> Exercise material:
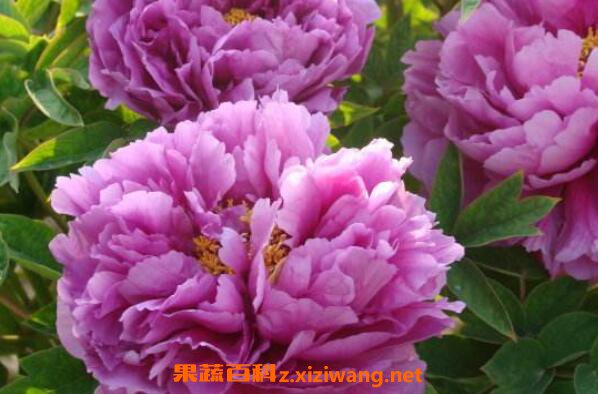 变色牡丹怎么养 变色牡丹的养殖方法和注意事项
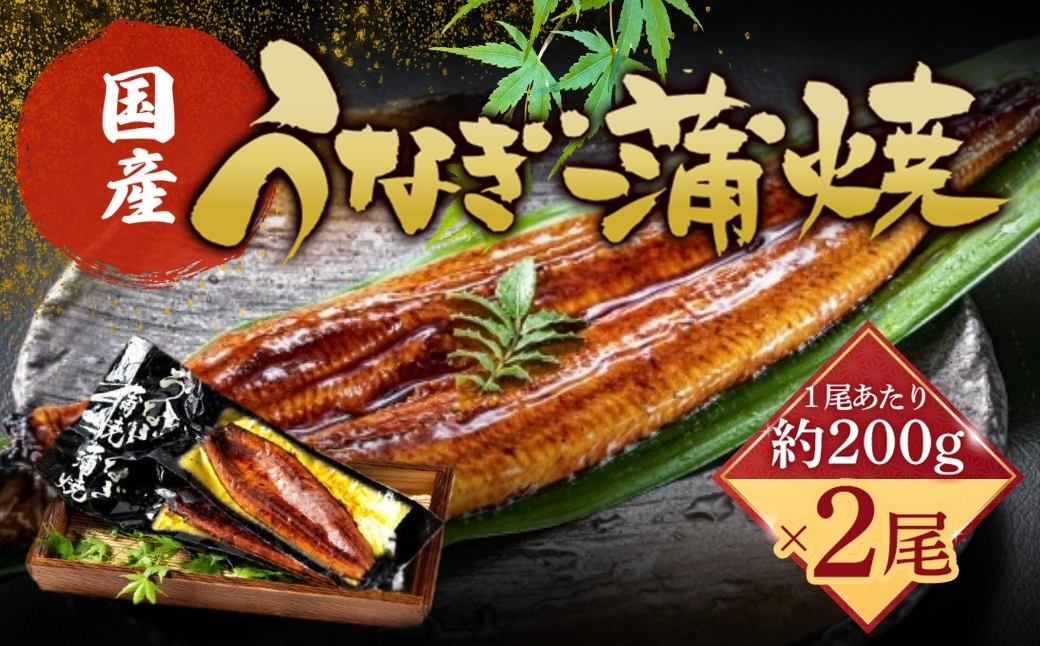 【国産うなぎ蒲焼】200g×2尾（合計400g）| ふるさと納税 うなぎ 蒲焼 うなぎ蒲焼 鰻 うな重 うなぎ丼 タレ付き 冷凍 お取り寄せ ギフト 人気 土用の丑の日 九州 グルメ 高級食材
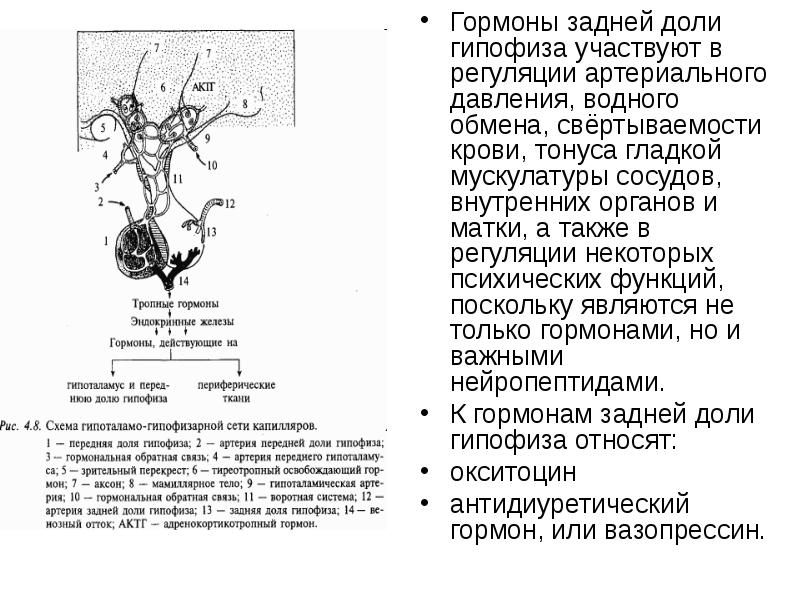 Гормоны задней доли гипофиза презентация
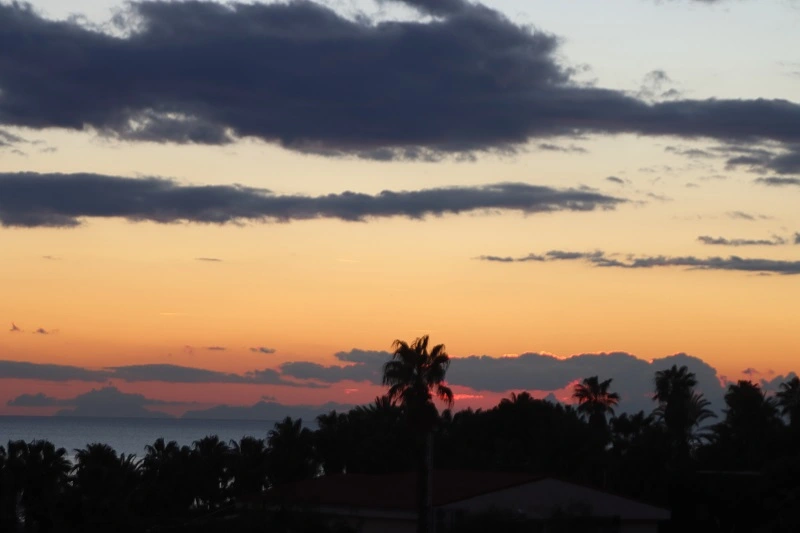 IMG_6682.webp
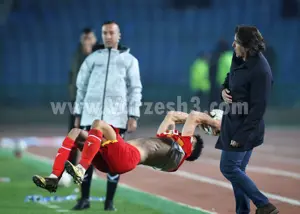 تفریح عصرگاهی ساپینتو با منجنیق! (عکس)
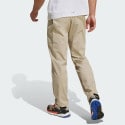 adidas Terrex Xperior Pants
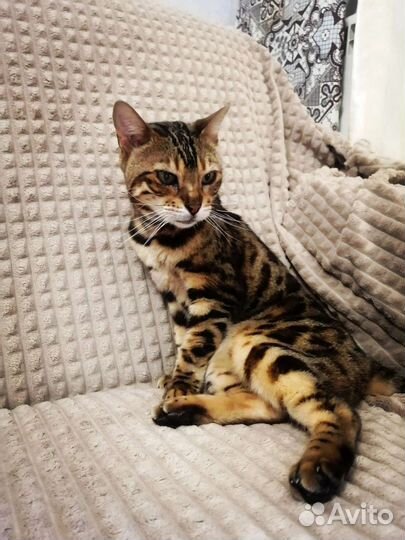 Бенгальская кошка бесплатнов дар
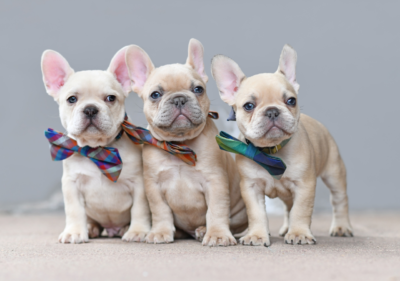 can french bulldogs give birth naturally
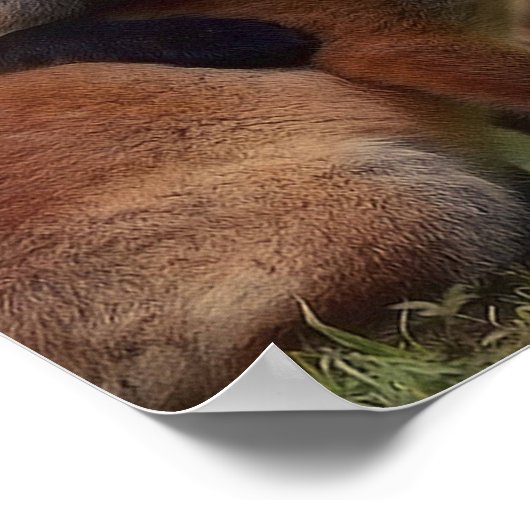 Poster Triplets Foxy (Coin)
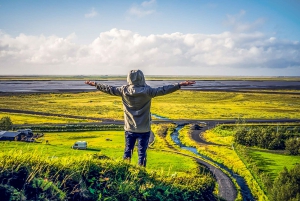Reykjavik: Jökulsárlón Glacier Lagoon Full-Day Guided Trip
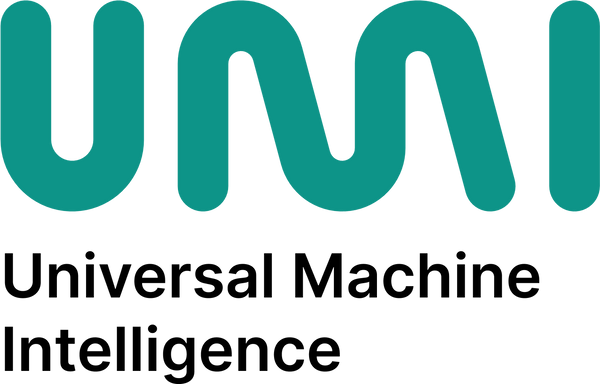 Universal Machine Intelligence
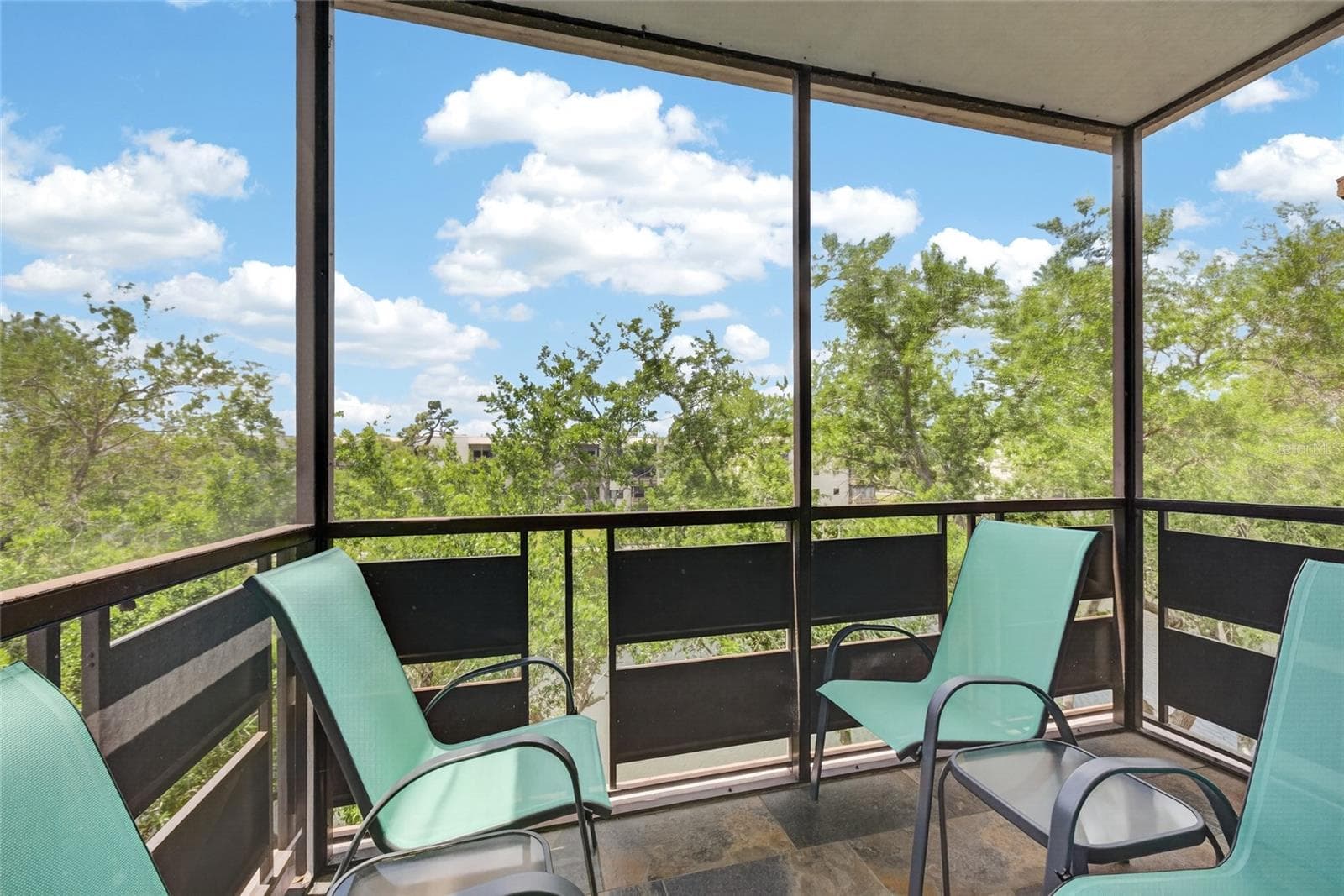 Screened Porch overlooking pond - 6080 80TH ST N #409, ST PETERSBURG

> Work to be completed: Set down the records above word for word, from the first line through the line containing "Universal Machine Intelligence", both included; leave out the pictures.

> Response to this task:
 变色牡丹怎么养 变色牡丹的养殖方法和注意事项
 【国産うなぎ蒲焼】200g×2尾（合計400g）| ふるさと納税 うなぎ 蒲焼 うなぎ蒲焼 鰻 うな重 うなぎ丼 タレ付き 冷凍 お取り寄せ ギフト 人気 土用の丑の日 九州 グルメ 高級食材
 Гормоны задней доли гипофиза презентация
 IMG_6682.webp
 تفریح عصرگاهی ساپینتو با منجنیق! (عکس)
 adidas Terrex Xperior Pants
 Бенгальская кошка бесплатнов дар
 can french bulldogs give birth naturally
 Poster Triplets Foxy (Coin)
Reykjavik: Jökulsárlón Glacier Lagoon Full-Day Guided Trip
 Universal Machine Intelligence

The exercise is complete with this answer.